Сеид Насролла был ужасным скопидомом, а во время поездки он должен был, кроме оплаты расходов по путешествию, получать двойное жалованье и надбавку за плохой климат. Кроме всего прочего, у него была еще одна сокровенная мечта: вдруг ему удастся, как врачу Барзуйе, привезти из Индии подарок – книгу вроде «Калилы и Димны» – и этим обессмертить свое имя; он бормотал про себя:
Утратят сладость речи все попугаи Индии,
Если этот персидский сахар попадет в Бенгалию.
Вскоре известие о поездке Сеида Насролла распространилось повсюду, сослуживцы и друзья начали поздравлять его и желать всяческих успехов. Однако Сеид Насролла напускал на себя важный вид, прикрывал глаза и, покачивая головой, говорил:
– Чего только не совершишь ради любимой родины!

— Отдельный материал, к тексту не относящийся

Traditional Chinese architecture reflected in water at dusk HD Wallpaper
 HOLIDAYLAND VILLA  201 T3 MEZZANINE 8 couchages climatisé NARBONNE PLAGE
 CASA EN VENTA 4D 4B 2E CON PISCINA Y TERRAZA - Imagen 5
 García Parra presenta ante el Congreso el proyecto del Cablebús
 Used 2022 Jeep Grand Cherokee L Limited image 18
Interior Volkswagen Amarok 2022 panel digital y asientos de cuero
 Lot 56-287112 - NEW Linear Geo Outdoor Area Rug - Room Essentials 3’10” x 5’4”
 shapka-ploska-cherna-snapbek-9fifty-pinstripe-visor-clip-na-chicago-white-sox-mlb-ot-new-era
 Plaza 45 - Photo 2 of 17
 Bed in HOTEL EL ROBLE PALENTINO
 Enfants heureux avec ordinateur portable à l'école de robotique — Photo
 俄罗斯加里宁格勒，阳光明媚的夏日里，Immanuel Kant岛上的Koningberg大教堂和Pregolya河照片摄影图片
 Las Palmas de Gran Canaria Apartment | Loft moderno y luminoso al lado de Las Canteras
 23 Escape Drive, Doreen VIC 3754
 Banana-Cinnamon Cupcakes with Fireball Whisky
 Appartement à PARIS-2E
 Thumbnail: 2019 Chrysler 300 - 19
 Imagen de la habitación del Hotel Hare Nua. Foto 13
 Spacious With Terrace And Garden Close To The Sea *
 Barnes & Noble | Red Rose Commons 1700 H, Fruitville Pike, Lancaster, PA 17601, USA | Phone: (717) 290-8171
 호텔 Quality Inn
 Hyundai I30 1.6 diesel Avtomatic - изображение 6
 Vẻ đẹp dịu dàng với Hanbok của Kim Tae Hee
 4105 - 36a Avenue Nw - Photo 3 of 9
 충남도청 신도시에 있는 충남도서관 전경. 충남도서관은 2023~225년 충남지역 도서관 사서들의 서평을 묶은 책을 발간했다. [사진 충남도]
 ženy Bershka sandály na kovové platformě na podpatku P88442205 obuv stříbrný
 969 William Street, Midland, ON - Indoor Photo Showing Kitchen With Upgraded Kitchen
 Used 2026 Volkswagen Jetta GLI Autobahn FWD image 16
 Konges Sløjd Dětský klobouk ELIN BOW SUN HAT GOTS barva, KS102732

Наконец после месяца гаданий, советов с астрологами, в счастливый день и час, пройдя под Кораном, проделав все необходимые церемонии и преодолев суету фотокорреспондентов, которые его многократно фотографировали, Сеид Насролла отправился в путь.
Дорога от Тегерана до Ахваза показалась ему очень трудной. Но все же он успел проверить в Ахвазе работу местного отдела просвещения и кратко проэкзаменовать учащихся, а так как говорили там по-арабски, то ученый очень придирался к произношению. Затем он принял руководителей государственных учреждений, каждый из которых стремился зазвать его к себе в гости, но, чувствуя себя усталым и больным, отклонил все до одного приглашения. Эти казенные церемонии, подготовленные специально для печати речи, которыми он был вынужден повсюду обмениваться, и, наконец, поток лести в газетах утомляли его все больше. Сеид Насролла мечтал только о том, чтобы ничто не нарушало спокойного и однообразного течения его жизни. Между прочим, он решил написать в честь Хакима Баши Пура высокоторжественную, пересыпанную благородными арабскими выражениями и философскими и религиозными рассуждениями статью. Правда, он никак не мог выбрать для этого времени: тяготы пути заполнили все его существование и не давали ему возможности выполнить эту задачу. Всякий раз, когда автомобиль проезжал по ухабистой и опасной дороге, у Сеида Насролла сжималось сердце, он шептал молитву, доставал из кармана платок и вытирал пот со лба.
В Хоррамшахре ему устроили достойную и почетную встречу, заранее приготовили билет на пароход и все необходимое для путешествия. Ночью на квартире у начальника местного отдела просвещения Сеид Насролла видел тревожные сны. Утром вместе с хозяином дома он отправился полюбоваться устьем реки, однако больше заинтересовало его море. С удивлением и любопытством смотрел он на финиковые пальмы, росшие по берегам реки, на лодки и белые пароходы, которые стояли на рейде. Раньше он видел море лишь на географических картах, а финиковые пальмы – на картинках в книжках. Сейчас же Сеид Насролла узрел все это собственными глазами. Тотчас же вспомнил он и прелести путешествий, и сами путешествия, которые так восхваляли древние в своих книгах. Мир представился ему обширным и удивительным. Он даже сказал про себя: «Много же нужно путешествовать, чтобы приобрести жизненный опыт» – и почувствовал какое-то философское самодовольство. Однако едва ученый подумал, что сегодня ночью надо садиться на корабль, как сердце его учащенно забилось и он ощутил страшную усталость.